- What is needed -
What do the lines from the top of the data through the line with "Leopard print running skirt - Picture 2 of 8" say? Quote them exactly and include both ends.

- Provided records -
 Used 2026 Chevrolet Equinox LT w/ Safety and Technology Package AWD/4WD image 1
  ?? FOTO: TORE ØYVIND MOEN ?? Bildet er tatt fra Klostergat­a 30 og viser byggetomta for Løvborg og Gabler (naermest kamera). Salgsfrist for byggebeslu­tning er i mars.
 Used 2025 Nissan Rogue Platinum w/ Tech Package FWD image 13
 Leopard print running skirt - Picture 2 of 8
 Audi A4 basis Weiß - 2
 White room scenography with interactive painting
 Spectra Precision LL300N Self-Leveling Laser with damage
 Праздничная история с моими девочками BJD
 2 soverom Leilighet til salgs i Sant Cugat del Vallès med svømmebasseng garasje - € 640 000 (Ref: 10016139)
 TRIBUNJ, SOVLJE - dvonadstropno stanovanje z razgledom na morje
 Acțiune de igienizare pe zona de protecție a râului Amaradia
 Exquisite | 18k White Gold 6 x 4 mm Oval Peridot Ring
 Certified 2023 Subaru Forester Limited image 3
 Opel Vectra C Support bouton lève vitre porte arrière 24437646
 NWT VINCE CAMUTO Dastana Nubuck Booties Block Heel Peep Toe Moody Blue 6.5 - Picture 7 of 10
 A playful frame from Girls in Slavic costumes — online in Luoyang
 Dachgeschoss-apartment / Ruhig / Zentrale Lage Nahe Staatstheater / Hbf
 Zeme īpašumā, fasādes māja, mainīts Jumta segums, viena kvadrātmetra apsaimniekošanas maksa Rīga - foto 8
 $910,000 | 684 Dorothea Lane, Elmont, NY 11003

- Output for this exercise -
 Used 2026 Chevrolet Equinox LT w/ Safety and Technology Package AWD/4WD image 1
  ?? FOTO: TORE ØYVIND MOEN ?? Bildet er tatt fra Klostergat­a 30 og viser byggetomta for Løvborg og Gabler (naermest kamera). Salgsfrist for byggebeslu­tning er i mars.
 Used 2025 Nissan Rogue Platinum w/ Tech Package FWD image 13
 Leopard print running skirt - Picture 2 of 8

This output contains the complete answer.